Items listed in a dataset:
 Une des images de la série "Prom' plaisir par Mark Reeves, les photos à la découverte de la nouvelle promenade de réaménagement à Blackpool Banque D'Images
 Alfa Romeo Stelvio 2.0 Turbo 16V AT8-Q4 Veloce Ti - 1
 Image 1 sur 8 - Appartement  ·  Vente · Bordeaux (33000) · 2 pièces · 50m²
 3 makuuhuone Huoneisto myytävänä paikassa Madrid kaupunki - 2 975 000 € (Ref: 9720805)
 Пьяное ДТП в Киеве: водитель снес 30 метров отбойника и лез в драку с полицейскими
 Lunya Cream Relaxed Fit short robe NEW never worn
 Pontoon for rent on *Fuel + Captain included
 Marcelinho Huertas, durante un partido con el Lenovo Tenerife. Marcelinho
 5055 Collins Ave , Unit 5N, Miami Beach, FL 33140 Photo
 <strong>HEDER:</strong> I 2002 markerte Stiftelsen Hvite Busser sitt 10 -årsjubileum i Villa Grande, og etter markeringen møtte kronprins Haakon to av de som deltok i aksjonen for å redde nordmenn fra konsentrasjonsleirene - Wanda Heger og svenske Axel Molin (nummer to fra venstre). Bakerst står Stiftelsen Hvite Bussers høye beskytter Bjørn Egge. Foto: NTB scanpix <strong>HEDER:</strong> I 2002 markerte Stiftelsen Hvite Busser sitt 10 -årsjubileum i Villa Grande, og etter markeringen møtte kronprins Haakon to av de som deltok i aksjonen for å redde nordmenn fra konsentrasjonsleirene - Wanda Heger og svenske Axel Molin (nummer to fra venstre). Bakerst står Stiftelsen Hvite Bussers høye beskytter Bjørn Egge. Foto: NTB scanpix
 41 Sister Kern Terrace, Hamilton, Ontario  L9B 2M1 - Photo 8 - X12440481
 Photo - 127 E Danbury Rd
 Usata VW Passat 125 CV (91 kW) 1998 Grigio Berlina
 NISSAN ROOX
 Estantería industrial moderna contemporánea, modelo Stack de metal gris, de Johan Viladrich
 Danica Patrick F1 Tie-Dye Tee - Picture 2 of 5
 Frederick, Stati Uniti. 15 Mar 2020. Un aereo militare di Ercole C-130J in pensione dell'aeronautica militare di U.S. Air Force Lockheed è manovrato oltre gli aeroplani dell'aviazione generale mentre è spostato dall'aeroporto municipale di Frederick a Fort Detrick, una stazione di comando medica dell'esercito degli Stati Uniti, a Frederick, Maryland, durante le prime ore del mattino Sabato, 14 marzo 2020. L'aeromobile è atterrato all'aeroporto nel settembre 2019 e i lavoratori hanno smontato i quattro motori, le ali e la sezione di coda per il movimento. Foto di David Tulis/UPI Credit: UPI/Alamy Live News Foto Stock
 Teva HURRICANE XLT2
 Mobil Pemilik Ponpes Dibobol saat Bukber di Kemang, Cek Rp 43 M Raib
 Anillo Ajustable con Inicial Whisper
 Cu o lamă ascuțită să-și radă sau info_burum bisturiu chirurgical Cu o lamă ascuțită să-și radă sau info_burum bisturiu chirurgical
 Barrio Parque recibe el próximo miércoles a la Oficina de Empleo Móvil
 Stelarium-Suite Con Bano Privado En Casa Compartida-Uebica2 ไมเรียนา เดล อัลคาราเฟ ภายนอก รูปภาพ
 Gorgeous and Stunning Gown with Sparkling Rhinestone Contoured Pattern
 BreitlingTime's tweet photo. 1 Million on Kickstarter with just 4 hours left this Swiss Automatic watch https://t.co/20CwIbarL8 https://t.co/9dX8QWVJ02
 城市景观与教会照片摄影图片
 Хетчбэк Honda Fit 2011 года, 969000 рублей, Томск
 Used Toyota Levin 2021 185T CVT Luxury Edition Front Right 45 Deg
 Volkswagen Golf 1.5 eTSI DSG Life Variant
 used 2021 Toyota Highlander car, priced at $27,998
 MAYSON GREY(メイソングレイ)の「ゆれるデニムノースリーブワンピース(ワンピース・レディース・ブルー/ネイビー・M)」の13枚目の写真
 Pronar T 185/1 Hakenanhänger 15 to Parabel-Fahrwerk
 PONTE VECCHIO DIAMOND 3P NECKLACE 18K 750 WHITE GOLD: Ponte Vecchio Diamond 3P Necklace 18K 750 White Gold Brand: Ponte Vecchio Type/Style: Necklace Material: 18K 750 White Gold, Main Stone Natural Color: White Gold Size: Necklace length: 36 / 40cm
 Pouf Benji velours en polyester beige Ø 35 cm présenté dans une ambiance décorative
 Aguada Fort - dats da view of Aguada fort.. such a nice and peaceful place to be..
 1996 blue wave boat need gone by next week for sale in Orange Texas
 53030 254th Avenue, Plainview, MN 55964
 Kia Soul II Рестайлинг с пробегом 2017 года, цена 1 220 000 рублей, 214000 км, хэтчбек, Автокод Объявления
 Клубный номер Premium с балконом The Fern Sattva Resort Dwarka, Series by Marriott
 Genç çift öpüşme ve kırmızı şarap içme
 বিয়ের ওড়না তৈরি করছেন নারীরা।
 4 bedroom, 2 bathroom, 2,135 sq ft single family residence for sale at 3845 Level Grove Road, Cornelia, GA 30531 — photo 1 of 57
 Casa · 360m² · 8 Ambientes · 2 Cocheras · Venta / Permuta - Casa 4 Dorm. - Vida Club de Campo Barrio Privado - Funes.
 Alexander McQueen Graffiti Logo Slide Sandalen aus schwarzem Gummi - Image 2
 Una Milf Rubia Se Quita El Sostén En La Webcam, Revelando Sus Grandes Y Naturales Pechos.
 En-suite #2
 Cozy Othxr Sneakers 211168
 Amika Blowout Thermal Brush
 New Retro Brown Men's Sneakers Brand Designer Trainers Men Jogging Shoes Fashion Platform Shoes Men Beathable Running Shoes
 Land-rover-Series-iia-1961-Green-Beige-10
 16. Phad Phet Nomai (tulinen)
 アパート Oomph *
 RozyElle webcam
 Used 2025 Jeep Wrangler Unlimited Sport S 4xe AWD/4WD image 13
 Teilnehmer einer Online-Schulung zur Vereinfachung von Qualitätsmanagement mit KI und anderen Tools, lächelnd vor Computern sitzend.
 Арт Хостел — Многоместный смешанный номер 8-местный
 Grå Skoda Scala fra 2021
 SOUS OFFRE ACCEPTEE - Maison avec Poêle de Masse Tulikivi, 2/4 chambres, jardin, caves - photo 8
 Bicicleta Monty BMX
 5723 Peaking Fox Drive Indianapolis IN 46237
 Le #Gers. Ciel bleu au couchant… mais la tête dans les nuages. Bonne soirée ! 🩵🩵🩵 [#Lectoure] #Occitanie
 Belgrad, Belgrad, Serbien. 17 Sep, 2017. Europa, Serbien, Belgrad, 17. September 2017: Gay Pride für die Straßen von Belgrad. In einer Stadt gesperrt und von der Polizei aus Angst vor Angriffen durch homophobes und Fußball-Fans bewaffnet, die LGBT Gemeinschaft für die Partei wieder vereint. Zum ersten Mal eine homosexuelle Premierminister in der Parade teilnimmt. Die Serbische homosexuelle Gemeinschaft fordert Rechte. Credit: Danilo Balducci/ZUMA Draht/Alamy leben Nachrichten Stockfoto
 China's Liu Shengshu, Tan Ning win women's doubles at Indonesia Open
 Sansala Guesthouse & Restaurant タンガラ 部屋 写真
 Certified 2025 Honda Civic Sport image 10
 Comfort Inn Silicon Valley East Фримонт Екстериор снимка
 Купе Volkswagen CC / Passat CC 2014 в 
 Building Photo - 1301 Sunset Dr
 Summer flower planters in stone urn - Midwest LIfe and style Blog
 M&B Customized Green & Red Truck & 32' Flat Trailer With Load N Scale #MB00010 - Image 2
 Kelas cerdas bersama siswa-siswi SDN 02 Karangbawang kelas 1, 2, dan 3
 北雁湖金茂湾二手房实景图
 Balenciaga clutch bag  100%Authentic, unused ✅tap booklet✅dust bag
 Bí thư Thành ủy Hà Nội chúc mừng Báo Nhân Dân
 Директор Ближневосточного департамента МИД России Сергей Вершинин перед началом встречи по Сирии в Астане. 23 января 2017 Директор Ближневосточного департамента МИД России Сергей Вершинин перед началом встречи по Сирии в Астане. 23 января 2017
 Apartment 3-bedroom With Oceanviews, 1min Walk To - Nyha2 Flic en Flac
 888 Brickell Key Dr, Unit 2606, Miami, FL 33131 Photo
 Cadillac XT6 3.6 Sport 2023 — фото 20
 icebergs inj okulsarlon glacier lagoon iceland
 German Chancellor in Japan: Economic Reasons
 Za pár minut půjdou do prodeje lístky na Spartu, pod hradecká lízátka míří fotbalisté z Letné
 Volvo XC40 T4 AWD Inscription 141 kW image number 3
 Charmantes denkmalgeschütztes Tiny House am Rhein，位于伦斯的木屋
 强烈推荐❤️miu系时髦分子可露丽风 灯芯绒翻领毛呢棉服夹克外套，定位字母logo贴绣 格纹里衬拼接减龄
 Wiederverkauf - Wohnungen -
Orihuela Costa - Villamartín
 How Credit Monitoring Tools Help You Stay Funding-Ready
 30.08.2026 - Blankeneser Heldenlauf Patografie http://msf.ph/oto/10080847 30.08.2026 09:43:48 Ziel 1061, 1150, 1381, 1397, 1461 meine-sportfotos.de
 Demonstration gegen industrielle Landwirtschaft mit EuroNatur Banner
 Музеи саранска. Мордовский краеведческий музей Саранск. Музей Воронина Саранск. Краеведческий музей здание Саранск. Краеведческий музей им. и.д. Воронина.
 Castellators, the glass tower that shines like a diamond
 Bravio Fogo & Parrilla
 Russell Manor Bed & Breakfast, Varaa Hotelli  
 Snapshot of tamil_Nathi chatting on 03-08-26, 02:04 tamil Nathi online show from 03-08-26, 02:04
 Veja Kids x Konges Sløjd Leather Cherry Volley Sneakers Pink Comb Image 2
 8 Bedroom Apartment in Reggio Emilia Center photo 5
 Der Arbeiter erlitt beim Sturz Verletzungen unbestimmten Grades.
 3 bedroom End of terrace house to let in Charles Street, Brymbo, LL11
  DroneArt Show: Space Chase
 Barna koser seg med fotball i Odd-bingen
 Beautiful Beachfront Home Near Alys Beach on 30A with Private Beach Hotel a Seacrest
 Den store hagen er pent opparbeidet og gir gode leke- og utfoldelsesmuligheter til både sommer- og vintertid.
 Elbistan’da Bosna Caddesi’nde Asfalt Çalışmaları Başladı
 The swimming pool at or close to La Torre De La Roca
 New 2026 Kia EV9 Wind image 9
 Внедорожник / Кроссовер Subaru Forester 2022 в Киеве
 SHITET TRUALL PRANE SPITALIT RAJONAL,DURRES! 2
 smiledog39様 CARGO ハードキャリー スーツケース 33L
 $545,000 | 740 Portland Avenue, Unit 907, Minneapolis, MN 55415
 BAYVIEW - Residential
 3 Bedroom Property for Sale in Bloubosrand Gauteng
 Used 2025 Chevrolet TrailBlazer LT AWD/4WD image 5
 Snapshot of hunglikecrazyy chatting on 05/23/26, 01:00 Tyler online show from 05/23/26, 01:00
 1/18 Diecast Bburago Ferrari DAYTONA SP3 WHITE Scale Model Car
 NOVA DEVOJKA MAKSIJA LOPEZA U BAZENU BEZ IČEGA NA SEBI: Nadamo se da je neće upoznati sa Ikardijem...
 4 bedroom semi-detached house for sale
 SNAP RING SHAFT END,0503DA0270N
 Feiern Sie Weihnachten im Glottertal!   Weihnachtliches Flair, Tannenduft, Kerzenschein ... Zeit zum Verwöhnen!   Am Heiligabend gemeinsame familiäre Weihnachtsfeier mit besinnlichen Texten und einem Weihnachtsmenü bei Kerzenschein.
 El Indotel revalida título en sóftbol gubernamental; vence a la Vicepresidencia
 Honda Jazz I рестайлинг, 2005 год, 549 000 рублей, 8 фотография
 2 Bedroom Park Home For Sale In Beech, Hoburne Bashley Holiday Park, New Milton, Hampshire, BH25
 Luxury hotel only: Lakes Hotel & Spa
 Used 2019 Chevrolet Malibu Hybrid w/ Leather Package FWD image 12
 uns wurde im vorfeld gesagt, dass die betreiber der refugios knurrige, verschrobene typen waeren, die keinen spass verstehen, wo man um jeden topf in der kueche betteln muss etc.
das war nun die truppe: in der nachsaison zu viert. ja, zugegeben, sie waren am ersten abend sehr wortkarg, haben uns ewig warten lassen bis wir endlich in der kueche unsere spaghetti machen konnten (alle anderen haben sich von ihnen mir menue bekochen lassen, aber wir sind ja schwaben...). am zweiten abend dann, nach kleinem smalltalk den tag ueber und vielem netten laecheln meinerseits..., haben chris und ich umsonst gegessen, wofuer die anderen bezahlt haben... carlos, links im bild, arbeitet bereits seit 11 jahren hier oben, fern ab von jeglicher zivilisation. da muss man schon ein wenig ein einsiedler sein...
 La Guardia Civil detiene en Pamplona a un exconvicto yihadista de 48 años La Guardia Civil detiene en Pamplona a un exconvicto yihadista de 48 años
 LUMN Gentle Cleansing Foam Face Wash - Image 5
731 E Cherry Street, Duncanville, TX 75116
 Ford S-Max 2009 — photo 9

**Directions for this task:**
From the data above, return every line from the line that has "China's Liu Shengshu, Tan" up to and including the line that has "888 Brickell Key", exactly.

**Written answer:**
 China's Liu Shengshu, Tan Ning win women's doubles at Indonesia Open
 Sansala Guesthouse & Restaurant タンガラ 部屋 写真
 Certified 2025 Honda Civic Sport image 10
 Comfort Inn Silicon Valley East Фримонт Екстериор снимка
 Купе Volkswagen CC / Passat CC 2014 в 
 Building Photo - 1301 Sunset Dr
 Summer flower planters in stone urn - Midwest LIfe and style Blog
 M&B Customized Green & Red Truck & 32' Flat Trailer With Load N Scale #MB00010 - Image 2
 Kelas cerdas bersama siswa-siswi SDN 02 Karangbawang kelas 1, 2, dan 3
 北雁湖金茂湾二手房实景图
 Balenciaga clutch bag  100%Authentic, unused ✅tap booklet✅dust bag
 Bí thư Thành ủy Hà Nội chúc mừng Báo Nhân Dân
 Директор Ближневосточного департамента МИД России Сергей Вершинин перед началом встречи по Сирии в Астане. 23 января 2017 Директор Ближневосточного департамента МИД России Сергей Вершинин перед началом встречи по Сирии в Астане. 23 января 2017
 Apartment 3-bedroom With Oceanviews, 1min Walk To - Nyha2 Flic en Flac
 888 Brickell Key Dr, Unit 2606, Miami, FL 33131 Photo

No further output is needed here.